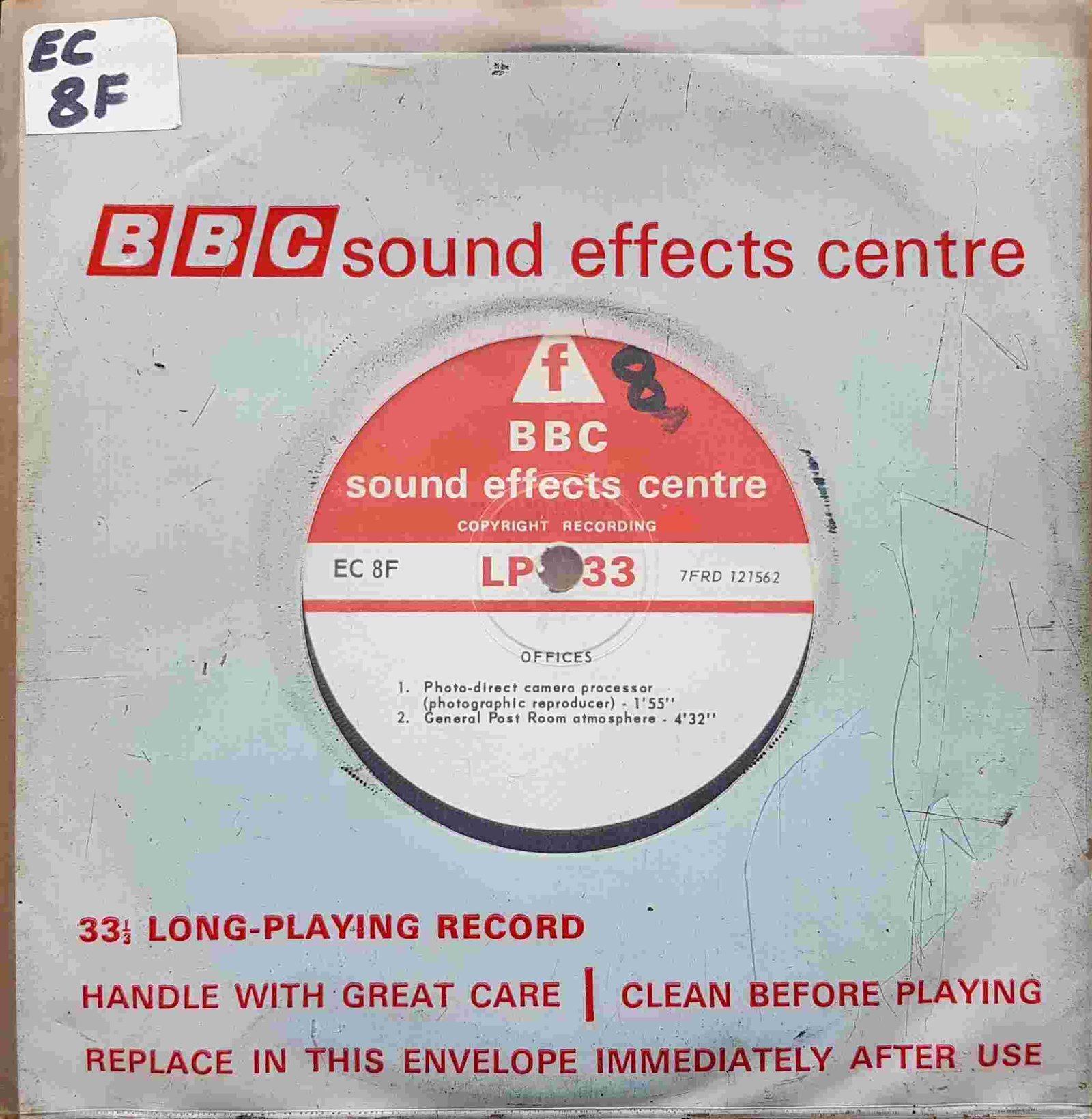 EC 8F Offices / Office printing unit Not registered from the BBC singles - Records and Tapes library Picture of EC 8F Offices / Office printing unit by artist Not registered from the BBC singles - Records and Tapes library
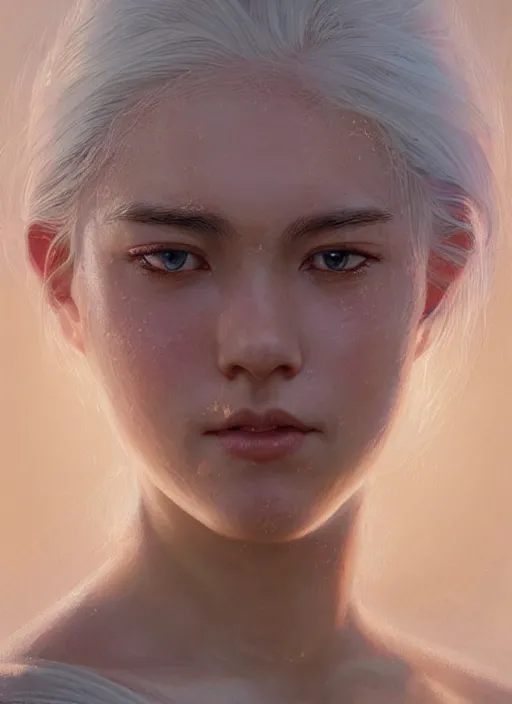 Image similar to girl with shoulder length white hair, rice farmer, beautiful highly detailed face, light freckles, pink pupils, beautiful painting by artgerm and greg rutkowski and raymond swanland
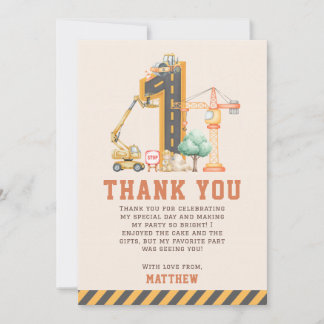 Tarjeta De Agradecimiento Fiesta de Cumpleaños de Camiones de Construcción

*-*-*

→ **What the task asks**
Every line of the data above should be quoted exactly. Omit the pictures.

→ **Task solution**
 EC 8F Offices / Office printing unit Not registered from the BBC singles - Records and Tapes library Picture of EC 8F Offices / Office printing unit by artist Not registered from the BBC singles - Records and Tapes library
 Image similar to girl with shoulder length white hair, rice farmer, beautiful highly detailed face, light freckles, pink pupils, beautiful painting by artgerm and greg rutkowski and raymond swanland
 Tarjeta De Agradecimiento Fiesta de Cumpleaños de Camiones de Construcción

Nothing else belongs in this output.